§ REQUIRED WORK: Given these entries, repeat exactly the lines starting with the one that has "Euphorbia serpens Fruit" and going on through the one that has "READY NOW!! KC", both included, but none of the pictures.

§ INPUT DATA:
____________________

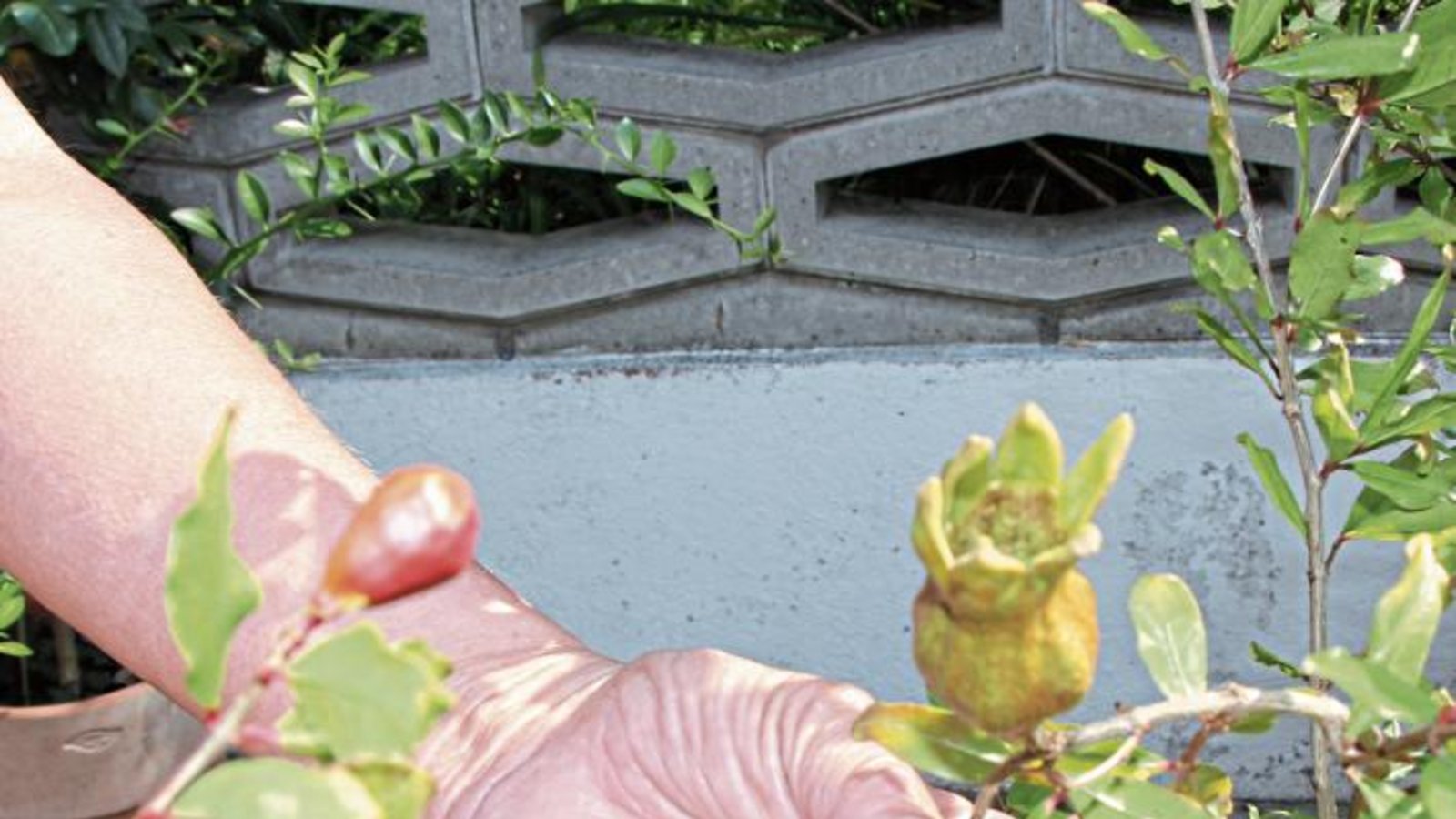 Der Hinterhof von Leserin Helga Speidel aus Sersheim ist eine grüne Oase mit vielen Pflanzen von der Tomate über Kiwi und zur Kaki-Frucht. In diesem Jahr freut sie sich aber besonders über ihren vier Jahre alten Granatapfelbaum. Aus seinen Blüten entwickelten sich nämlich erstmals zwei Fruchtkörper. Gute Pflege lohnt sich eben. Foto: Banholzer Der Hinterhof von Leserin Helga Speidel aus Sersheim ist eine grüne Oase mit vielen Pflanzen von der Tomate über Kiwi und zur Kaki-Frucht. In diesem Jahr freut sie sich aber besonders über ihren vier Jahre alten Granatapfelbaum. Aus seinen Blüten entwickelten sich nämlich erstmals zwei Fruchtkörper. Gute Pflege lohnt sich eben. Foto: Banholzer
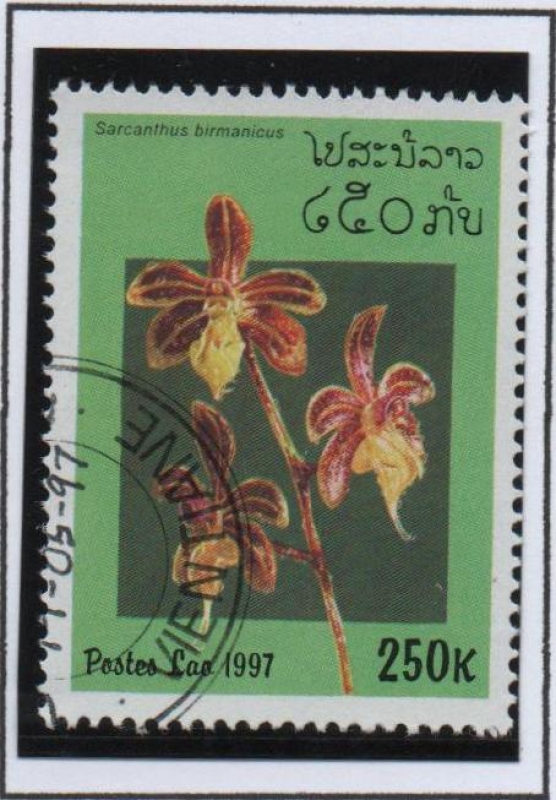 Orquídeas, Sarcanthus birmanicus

____________________

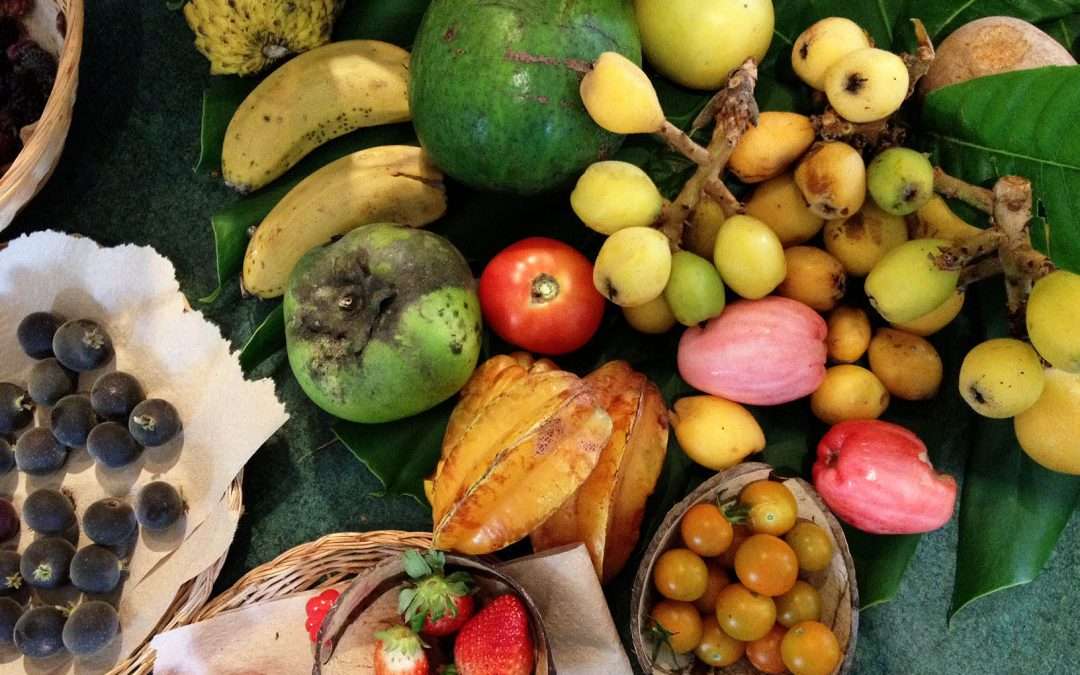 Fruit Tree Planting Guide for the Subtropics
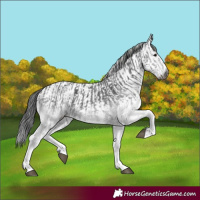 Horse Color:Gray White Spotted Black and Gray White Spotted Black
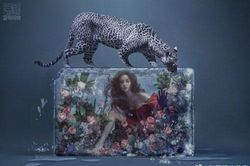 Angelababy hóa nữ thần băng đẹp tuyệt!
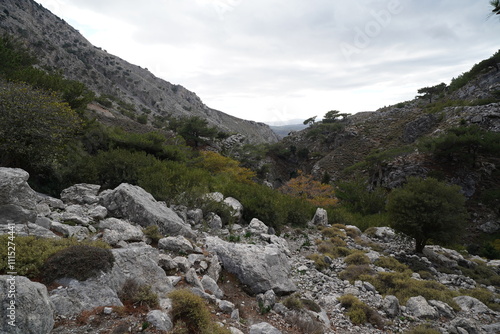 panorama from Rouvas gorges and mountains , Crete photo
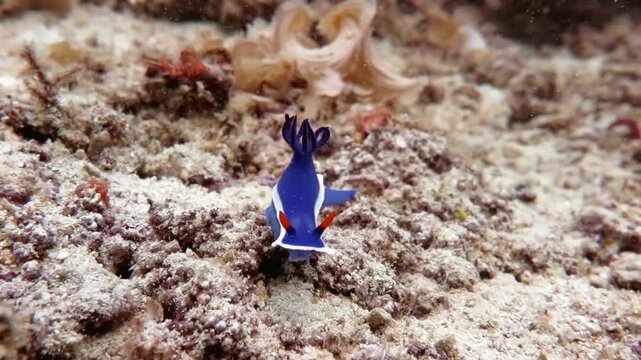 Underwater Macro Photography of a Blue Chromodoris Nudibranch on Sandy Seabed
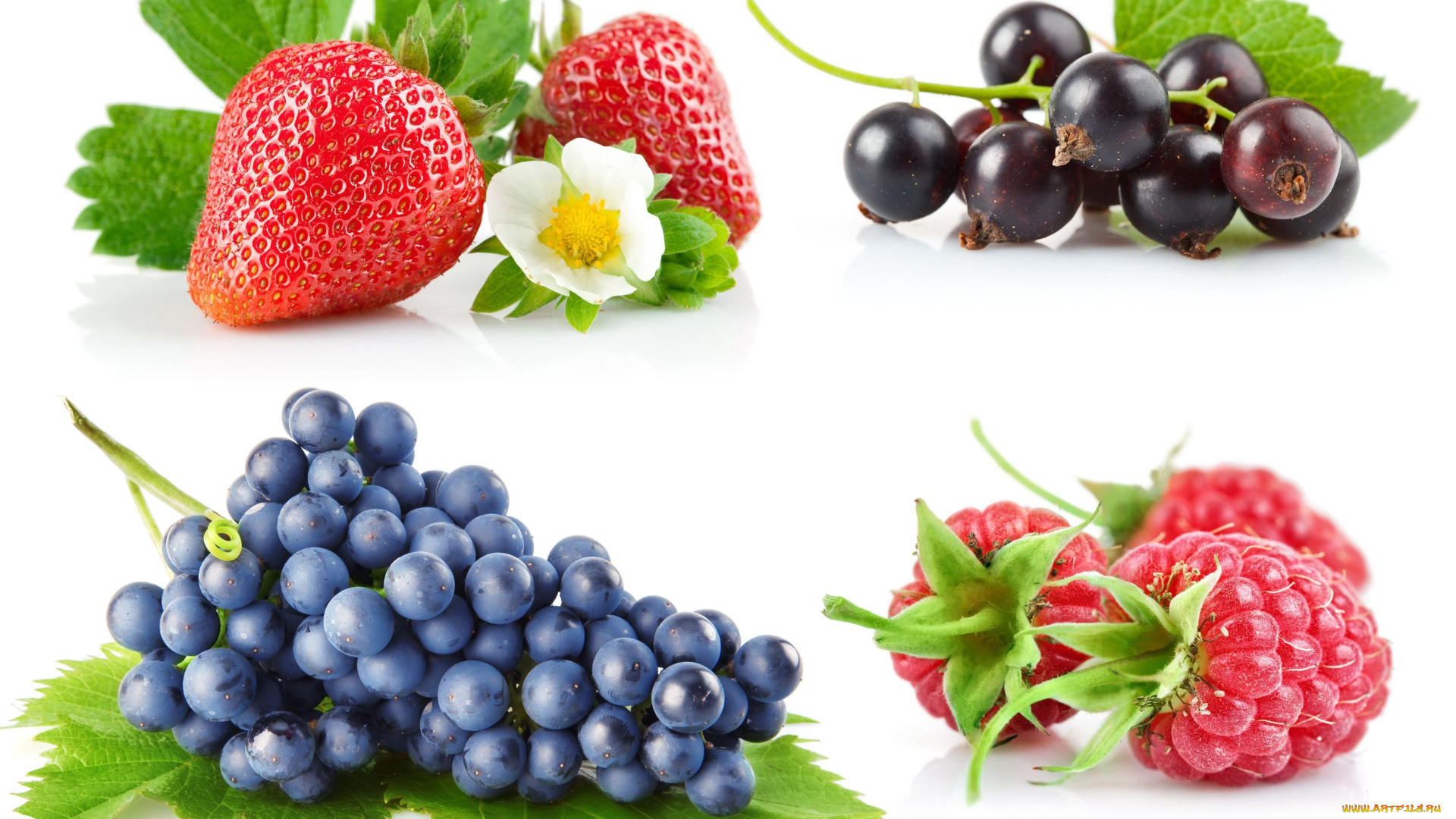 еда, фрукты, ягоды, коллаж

____________________

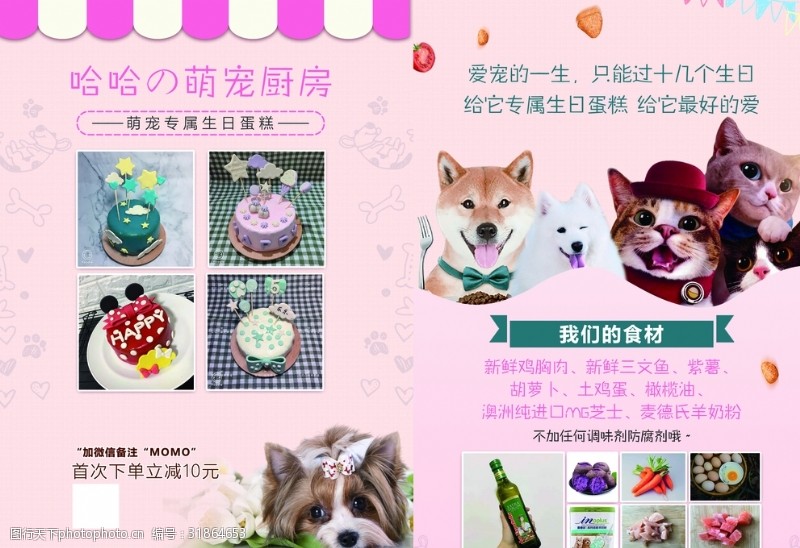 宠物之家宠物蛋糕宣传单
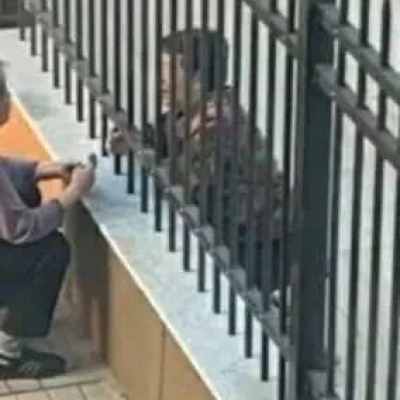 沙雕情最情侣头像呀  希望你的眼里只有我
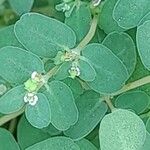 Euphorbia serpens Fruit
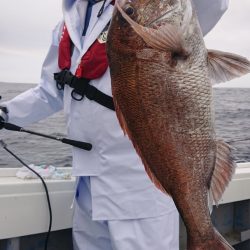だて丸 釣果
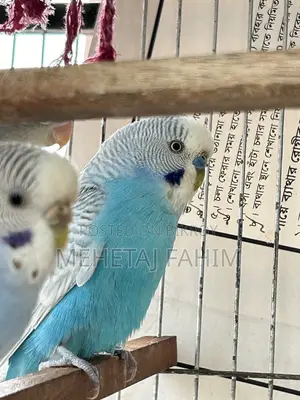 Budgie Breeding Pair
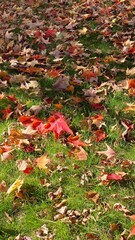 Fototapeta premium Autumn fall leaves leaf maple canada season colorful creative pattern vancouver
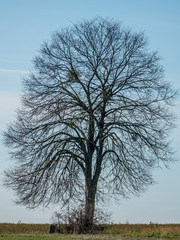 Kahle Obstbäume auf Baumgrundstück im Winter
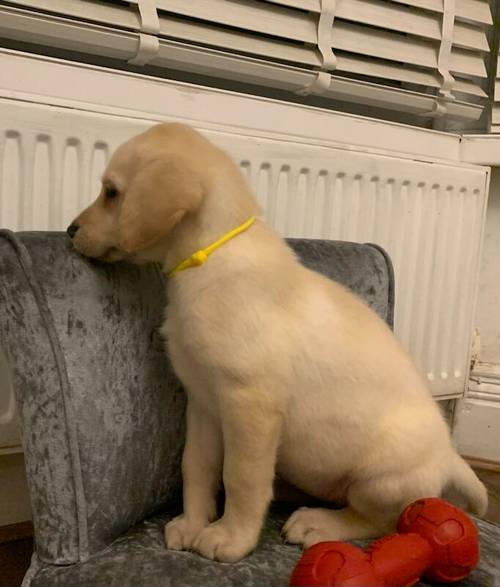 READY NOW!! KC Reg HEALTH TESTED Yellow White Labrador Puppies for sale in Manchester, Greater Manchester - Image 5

____________________

§ ANSWER SPACE:
 Euphorbia serpens Fruit
だて丸 釣果
 Budgie Breeding Pair
 Fototapeta premium Autumn fall leaves leaf maple canada season colorful creative pattern vancouver
 Kahle Obstbäume auf Baumgrundstück im Winter
 READY NOW!! KC Reg HEALTH TESTED Yellow White Labrador Puppies for sale in Manchester, Greater Manchester - Image 5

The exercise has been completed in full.